Adapun sesajen yang diletakkan di pekarangan rumah, berupa nasi dan jajan pasar yang dibungkus “taker” dari daun pisang. Peletakan sesajin tersebut diletakkan di tiap-tiap pojok tanah warisan leluhur yang menjadi tempat berdirinya bangunan rumah, atau orang Madura bilangnya diletakkan “e paddhuna pakarangan atau pamengkang”.
Selain berupa sesajen, ranah agama mengimbanginya dengan cara bersadaqah, mengundang kiai, dan para tetangga guna membaca ayat suci Al-Qur’an, zikir-zikir serta permohonan do’a pangrokat yang menjadi ciri khas tradisi tersebut.
Kedatangan Islam pada masa terdahulu tidak pernah dilakukan dengan jalan kekerasan dan pemaksaan. Maka, para wali terdahulu mengakulturasi dakwahnya lewat budaya dan agama. Islam adalah agama yang rahmatan lil ‘aa-lamiien, para wali mengakomodasi kearifan lokal dan memasukkan nilai-nilai Islam ke dalamnya. Sehingga, Islam mudah diterima oleh masyarakat Nusantara ini, lebih khususnya masyarakat Madura.
Hal yang paling unik dari tradisi ini adalah harmonisasi sekaligus akulturasi antara tradisi atau budaya lokal dengan syariat agama Islam, serta sangat melekat pada diri masyarakat Madura. Tugas para generasi sekarang yakni menjaga dan melestarikan tradisi atau budaya sebagai bentuk kearifan lokal serta nilai-nilai luhur di balik filosofi tradisi tersebut. Dan semoga masih tetap lestari agar menjadi Madura yang jaya dan berbudaya.
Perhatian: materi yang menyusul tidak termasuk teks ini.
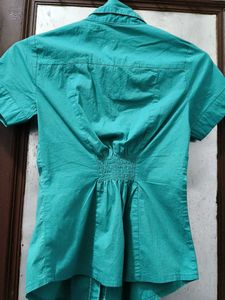 Teal Embellished Top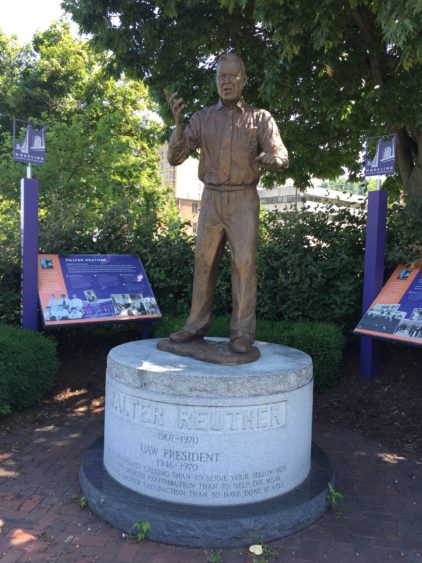 Walter Reuther, a UAW President who met regularly with President Lyndon Johnson.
“Intinya, rokat pakarangan itu bukanlah hal yang wajib. Tapi, akan menjadi baik jika kita melaksanakannya sebagai bentuk rasa syukur kita. Karena di dalam rokatan, rokat apapun itu termasuk rokat pakarangan itu berisi nilai-nilai agung di dalamnya, seperti pembacaan ayat-ayat suci Al-Qur’an dan zikir kepada Allah SWT. Semoga tradisi ini tetap terjaga hingga anak cucu kita nanti,” pungkas Kiai Busyro.